A la uneActualitésSociété

NÎMES Le dernier combat de Gilou

Une photo pleine de soleil et pourtant Gilou était déjà malade. Nous étions alors le 25 décembre 2019... Un an avant sa disparition (Photo Arlette Chavanieu).

Gilou est parti mais il lui reste un combat à mener. À lui et à ses proches qui ne veulent ni bafouer son souvenir ni occulter les derniers instants de sa vie.

Il n'était pas très grand et pas bien épais mais il parlait avec la force et la vigueur de ses idées d'homme libre. Toujours, tout au long de sa vie, jusqu'à la fin. Gilles Moran n'est plus mais son souvenir ne saurait être effacé par ces quelques semaines qui l'ont vu mourir à petit feu, sans que personne n'y puisse rien faire.

Gilles s'est éteint le 24 décembre dernier. Nîmois de coeur après son mariage avec Arlette Chavanieu, il était Arlésien de naissance et est mort des suites d’un cancer généralisé. Ses obsèques ont lieu ce 29 décembre, à 17h, au crématorium de Nîmes.

Un cancer de plus dans une société qui cache la mort, qui l'élude. Mais Gilou ne voulait pas mourir dans l'anonymat hospitalier. Il tenait à informer tous ses amis qu’il ne désirait ni fleurs ni couronnes pour l’accompagner, " hormis peut-être un peu de Saladelle ou de roseaux de Camargue " (sic). Non, rien à redire, il préférait demander à tous ceux qui en seraient d’accord que des dons soient envoyés directement à l'Institut Paoli Calmettes à Marseille. Un établissement qui l’a accueilli et aidé de la façon la plus humaine qui soit.

Adhérez à l’Association pour le Droit de Mourir dans la Dignité "

Avant de partir il a voulu laisser un message. Des convictions, certes, mais aussi un espoir. Une vibrante envie de faire changer la société car adhérer à une association comme celle dont Gilou va vous parler n'est pas une chose anodine.
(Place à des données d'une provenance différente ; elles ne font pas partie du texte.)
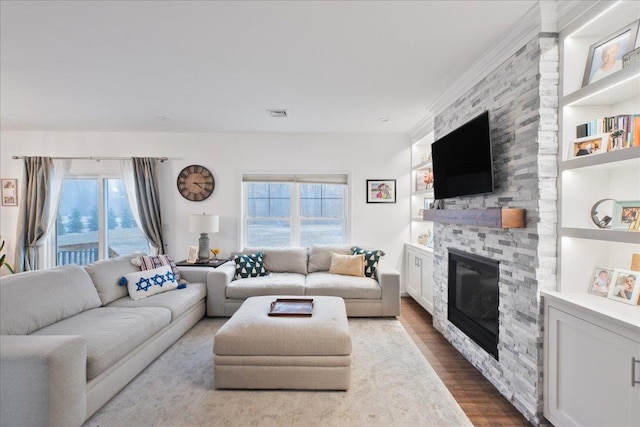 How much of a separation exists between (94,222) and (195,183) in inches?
67.0

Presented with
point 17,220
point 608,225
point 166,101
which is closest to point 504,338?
point 608,225

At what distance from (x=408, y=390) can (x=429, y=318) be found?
1.79 meters

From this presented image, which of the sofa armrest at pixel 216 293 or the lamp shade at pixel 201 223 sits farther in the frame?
the lamp shade at pixel 201 223

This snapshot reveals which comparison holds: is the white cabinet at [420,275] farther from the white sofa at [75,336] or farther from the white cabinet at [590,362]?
the white sofa at [75,336]

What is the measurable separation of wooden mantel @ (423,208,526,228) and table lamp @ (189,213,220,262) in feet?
10.2

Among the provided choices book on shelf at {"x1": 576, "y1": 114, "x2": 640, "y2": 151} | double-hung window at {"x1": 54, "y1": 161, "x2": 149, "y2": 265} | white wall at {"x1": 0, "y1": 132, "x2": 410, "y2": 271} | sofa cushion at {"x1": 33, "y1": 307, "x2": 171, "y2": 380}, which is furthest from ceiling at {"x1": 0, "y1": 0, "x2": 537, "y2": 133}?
sofa cushion at {"x1": 33, "y1": 307, "x2": 171, "y2": 380}

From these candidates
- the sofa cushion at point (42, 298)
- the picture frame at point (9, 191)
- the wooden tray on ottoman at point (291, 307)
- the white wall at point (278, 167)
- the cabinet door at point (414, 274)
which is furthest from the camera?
the white wall at point (278, 167)

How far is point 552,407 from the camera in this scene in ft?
6.22

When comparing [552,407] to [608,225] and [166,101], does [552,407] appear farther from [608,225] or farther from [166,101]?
[166,101]

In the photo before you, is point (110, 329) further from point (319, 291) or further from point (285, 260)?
point (285, 260)

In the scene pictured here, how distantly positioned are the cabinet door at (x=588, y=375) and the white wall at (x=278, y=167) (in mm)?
3177

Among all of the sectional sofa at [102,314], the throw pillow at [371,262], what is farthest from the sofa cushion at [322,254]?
the throw pillow at [371,262]

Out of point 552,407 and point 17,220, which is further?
point 17,220

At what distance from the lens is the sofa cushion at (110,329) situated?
2142 millimetres
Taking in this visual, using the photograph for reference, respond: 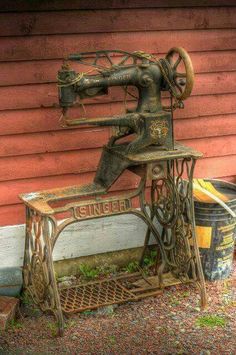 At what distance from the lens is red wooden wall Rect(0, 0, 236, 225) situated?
4.19m

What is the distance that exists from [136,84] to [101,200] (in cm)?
83

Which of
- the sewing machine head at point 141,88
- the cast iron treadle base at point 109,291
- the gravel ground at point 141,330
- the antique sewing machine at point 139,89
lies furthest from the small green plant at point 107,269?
the sewing machine head at point 141,88

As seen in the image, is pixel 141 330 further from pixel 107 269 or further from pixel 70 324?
pixel 107 269

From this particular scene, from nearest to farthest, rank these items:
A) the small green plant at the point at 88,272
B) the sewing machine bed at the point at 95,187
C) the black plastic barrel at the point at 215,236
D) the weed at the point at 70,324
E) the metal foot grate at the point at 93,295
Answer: the sewing machine bed at the point at 95,187
the weed at the point at 70,324
the metal foot grate at the point at 93,295
the black plastic barrel at the point at 215,236
the small green plant at the point at 88,272

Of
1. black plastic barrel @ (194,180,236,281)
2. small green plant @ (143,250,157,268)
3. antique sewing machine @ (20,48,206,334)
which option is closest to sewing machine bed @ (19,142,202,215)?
antique sewing machine @ (20,48,206,334)

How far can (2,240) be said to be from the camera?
450cm

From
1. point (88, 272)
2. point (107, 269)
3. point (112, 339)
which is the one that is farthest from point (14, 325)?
point (107, 269)

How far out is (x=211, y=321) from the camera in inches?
166

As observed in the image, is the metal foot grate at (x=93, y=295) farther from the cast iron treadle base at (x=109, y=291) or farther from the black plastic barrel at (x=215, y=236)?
the black plastic barrel at (x=215, y=236)

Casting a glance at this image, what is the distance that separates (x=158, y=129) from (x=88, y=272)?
1.46 m

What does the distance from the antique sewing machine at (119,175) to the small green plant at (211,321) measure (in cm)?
15

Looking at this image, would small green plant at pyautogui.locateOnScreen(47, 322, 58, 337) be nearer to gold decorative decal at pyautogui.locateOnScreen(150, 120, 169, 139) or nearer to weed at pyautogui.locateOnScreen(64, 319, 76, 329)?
weed at pyautogui.locateOnScreen(64, 319, 76, 329)

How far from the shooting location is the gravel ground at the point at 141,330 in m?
3.91

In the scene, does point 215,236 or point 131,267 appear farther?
point 131,267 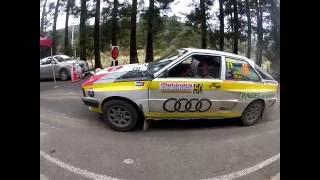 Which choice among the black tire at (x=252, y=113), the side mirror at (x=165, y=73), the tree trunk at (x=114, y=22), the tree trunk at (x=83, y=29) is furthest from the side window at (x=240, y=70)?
the tree trunk at (x=83, y=29)

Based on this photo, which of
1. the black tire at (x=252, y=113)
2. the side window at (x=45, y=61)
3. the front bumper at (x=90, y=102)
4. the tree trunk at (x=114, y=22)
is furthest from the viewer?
the front bumper at (x=90, y=102)

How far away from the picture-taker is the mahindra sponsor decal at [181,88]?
4.56 ft

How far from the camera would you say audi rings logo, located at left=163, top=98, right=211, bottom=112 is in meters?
1.42

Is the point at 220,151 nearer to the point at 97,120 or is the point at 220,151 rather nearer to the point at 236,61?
the point at 236,61

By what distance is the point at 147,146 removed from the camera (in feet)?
4.46

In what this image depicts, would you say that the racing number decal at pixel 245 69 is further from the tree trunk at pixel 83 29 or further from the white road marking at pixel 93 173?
the tree trunk at pixel 83 29

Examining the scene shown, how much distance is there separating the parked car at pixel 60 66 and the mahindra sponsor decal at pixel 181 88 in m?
0.40

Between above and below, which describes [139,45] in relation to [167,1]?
below

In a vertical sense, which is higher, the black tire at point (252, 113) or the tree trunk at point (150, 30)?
the tree trunk at point (150, 30)

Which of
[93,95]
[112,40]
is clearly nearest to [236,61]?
[112,40]

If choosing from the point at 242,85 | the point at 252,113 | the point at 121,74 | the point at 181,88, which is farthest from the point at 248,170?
the point at 121,74

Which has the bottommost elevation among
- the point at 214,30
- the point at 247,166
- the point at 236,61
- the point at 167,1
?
the point at 247,166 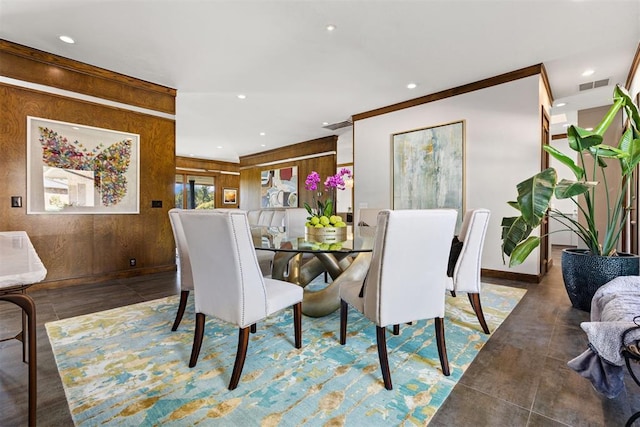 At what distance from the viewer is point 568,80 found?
3.91m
Après avoir courageusement lutté jusqu’à la limite de ses forces, Gilles Moran avait conscience de la fin difficile qui l’attendait. Depuis plusieurs années il adhérait à l’ADMD, une association qui milite pour une loi de liberté face à la mort. Il refusait d’être " un mort vivant, décharné sur un lit ".

Mais pour ses proches comme pour lui, les problèmes étaient multiples et les enjeux grandissaient au fil de l'avancement de la maladie. Les familles Moran-Hardouin, Chavanieu-Lucas et Mota-Perrenoud tiennent donc à faire passer le message de Gilou.
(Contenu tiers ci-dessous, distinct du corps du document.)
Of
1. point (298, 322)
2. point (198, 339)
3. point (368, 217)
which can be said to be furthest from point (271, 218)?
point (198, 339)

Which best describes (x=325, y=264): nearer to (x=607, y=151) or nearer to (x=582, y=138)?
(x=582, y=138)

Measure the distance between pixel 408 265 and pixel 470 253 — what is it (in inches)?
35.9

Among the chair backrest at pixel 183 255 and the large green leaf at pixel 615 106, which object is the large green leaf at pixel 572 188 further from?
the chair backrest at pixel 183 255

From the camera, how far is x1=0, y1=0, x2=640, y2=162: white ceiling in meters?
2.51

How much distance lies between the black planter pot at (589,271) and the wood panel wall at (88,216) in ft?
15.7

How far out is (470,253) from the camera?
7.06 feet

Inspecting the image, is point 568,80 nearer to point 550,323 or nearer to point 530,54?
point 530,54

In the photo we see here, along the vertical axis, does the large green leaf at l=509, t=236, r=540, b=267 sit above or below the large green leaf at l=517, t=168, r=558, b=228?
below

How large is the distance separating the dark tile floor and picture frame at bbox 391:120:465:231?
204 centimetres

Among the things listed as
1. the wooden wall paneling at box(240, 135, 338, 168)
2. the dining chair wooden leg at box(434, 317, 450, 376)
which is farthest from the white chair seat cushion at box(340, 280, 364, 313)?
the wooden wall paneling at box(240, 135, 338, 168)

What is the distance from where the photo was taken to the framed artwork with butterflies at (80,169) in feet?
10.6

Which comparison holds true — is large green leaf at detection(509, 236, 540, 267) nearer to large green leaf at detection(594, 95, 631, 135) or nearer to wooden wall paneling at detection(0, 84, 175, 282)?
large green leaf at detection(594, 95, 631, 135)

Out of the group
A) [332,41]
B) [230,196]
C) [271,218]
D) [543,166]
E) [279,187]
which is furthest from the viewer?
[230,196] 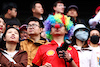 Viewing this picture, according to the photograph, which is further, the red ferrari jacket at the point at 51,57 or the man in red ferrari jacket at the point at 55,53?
the red ferrari jacket at the point at 51,57

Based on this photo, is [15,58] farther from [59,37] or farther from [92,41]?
[92,41]

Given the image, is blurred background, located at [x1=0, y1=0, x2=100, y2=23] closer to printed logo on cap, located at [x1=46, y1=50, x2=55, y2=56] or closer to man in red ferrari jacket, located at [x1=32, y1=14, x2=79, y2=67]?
man in red ferrari jacket, located at [x1=32, y1=14, x2=79, y2=67]

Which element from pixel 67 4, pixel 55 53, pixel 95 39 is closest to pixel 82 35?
pixel 95 39

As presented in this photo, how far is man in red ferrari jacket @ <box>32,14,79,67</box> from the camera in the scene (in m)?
4.98

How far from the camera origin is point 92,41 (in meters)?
7.05

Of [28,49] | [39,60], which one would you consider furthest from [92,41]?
[39,60]

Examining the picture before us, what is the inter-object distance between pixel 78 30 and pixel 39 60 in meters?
1.65

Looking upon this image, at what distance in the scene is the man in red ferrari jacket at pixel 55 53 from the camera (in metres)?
4.98

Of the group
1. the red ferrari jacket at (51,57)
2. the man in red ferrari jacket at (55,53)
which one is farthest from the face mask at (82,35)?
the red ferrari jacket at (51,57)

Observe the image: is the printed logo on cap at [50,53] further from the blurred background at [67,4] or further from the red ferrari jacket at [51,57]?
the blurred background at [67,4]

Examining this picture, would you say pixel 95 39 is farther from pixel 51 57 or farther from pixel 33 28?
pixel 51 57

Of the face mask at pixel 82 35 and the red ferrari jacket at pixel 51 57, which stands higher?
the face mask at pixel 82 35

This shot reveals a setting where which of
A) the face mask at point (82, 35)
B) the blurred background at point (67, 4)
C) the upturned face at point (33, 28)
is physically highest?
the blurred background at point (67, 4)

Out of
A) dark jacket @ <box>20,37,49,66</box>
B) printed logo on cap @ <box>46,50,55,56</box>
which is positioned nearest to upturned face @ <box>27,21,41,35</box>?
dark jacket @ <box>20,37,49,66</box> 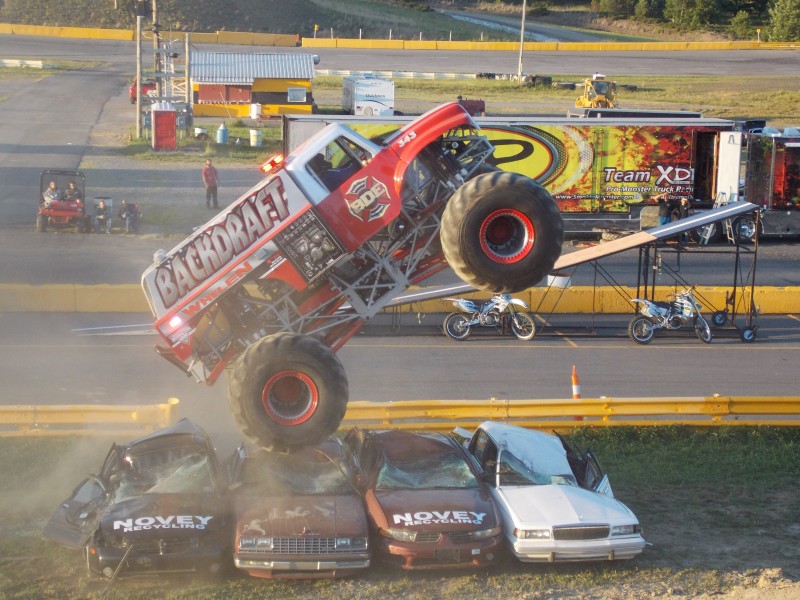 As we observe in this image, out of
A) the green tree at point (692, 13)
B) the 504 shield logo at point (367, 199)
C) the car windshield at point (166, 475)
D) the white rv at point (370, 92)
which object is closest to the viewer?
the 504 shield logo at point (367, 199)

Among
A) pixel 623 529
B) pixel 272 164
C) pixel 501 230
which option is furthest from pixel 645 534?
pixel 272 164

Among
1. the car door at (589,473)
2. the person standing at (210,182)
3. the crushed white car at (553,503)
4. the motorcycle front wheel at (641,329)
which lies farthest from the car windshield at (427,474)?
the person standing at (210,182)

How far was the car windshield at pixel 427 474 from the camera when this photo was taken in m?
10.4

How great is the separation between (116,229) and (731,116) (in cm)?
3309

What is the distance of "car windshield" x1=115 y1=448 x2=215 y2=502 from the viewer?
32.8 feet

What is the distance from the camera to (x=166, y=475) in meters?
10.2

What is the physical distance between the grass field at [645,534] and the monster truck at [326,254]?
175 cm

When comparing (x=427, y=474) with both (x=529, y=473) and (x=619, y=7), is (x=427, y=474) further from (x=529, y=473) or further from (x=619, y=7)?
(x=619, y=7)

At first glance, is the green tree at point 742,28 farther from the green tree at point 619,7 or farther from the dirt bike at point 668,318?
the dirt bike at point 668,318

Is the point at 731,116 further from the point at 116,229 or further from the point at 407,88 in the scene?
the point at 116,229

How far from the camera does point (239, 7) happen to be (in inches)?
3120

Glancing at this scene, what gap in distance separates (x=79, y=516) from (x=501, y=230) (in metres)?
5.17

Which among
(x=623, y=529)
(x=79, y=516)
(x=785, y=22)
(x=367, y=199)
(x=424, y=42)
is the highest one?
(x=785, y=22)

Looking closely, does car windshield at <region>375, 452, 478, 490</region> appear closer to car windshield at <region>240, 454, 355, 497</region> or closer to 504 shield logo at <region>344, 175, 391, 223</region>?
car windshield at <region>240, 454, 355, 497</region>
" Il faut savoir que les lois françaises ne permettent pas de choisir librement une fin digne, mais surtout radicale. Déjà, certaines choses ont évolué, et l’on pourrait se satisfaire de voir partir son proche dans une relative sérénité à partir du moment ou des médicaments antidouleur lui sont administrés. Cela tient de l’hypocrisie, puisque cette pratique permet d’occulter la réalité : tant que la personne sous sédation n’a pas définitivement expiré, elle meurt des dégâts supplémentaires administrés à son corps par le manque d’eau et de nourriture. Et comme personne n’est revenu pour relater son expérience, on ne sait pas si la personne qui a déjà suffisamment souffert, n’entends vraiment plus rien, ne ressent vraiment plus rien. Alors, lorsque l’heure a sonné, arrêtons de nous voiler la face, regardons la mort en face, comme un  matador le fait face à un toro bravo, et choisissons notre dernière liberté : notre mort. "
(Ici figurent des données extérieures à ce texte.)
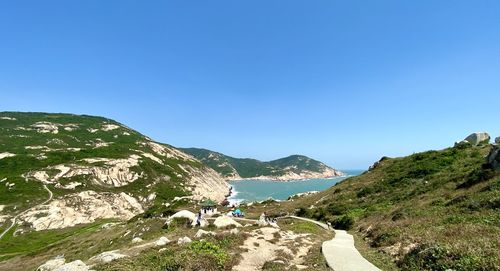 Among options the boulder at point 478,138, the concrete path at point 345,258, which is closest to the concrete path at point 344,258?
the concrete path at point 345,258

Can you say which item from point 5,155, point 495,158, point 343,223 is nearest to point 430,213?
point 343,223

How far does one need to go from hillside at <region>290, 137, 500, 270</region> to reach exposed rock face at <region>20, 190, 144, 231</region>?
78783 millimetres

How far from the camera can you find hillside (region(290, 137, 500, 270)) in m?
15.0

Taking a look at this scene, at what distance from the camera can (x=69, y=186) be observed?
12619 centimetres

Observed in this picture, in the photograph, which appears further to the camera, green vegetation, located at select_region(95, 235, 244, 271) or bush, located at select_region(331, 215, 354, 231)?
bush, located at select_region(331, 215, 354, 231)

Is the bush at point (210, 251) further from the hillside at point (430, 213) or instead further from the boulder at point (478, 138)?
the boulder at point (478, 138)

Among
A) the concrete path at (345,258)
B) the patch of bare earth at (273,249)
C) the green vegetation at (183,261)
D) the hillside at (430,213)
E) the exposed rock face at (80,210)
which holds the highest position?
the hillside at (430,213)

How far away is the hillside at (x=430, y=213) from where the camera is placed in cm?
1503

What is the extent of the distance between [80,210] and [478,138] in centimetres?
11673

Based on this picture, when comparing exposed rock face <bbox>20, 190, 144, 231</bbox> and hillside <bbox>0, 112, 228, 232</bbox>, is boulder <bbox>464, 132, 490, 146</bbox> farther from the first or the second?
exposed rock face <bbox>20, 190, 144, 231</bbox>

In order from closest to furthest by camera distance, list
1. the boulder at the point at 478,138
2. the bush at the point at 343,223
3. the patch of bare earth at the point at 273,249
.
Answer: the patch of bare earth at the point at 273,249 → the bush at the point at 343,223 → the boulder at the point at 478,138

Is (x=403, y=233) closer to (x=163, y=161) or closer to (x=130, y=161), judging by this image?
(x=130, y=161)

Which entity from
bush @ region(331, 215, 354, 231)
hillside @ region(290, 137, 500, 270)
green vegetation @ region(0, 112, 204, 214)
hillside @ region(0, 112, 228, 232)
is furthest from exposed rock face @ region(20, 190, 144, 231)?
bush @ region(331, 215, 354, 231)

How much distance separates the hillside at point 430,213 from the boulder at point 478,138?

Pour parvenir à cette étape, l’ADMD (Association pour le droit de mourir dans la dignité) est un soutien exceptionnel. Aide à la rédaction de directives anticipées, conservation de ces directives, soutien psychologique et même appui technique lorsqu’une famille, déjà dans la peine, se heurte à un corps médical sinon frileux, mais surtout mal informé des possibilités offertes par la Loi. L'adhésion coûte 26 euros par an (47 euros pour un duo) et elle permet de consolider le bloc des militants qui oeuvrent tout au long de l’année, au niveau national, régional et local. Gillou et sa famille vous invitent à adhérer pour que le combat continue encore et toujours.

Institut Paolo Calmettes, 232 Boulevard de Sainte Marguerite - BP 156 - 13 273 Marseille CEDEX 9. Par Internet, rubrique « faire un don ». Par chèque, libellé à l’ordre de l’Institut Paoli-Calmettes.

Association pour le Droit de Mourir dans la Dignité.  Par chèque à l’ordre de l’ADMD, rempli, daté et signé, accompagné d’un formulaire accessible sur Internet, voire un mot manuscrit comportant vos noms, prénoms, coordonnées postales et téléphoniques. À l' ADMD, 130 rue Lafayette 75 010 Paris.

Anthony Maurin

Bonjour, je m'appelle Anthony Maurin, j'ai 35 ans et je suis journaliste depuis près de 15 ans. Le sport, les toros, le patrimoine, le tourisme, la photographie et le terroir sont mes principales passions... Sans oublier ma ville, Nîmes!

Laisser un commentaire

Votre adresse de messagerie ne sera pas publiée. Les champs obligatoires sont indiqués avec *

Ce site utilise Akismet pour réduire les indésirables. En savoir plus sur comment les données de vos commentaires sont utilisées.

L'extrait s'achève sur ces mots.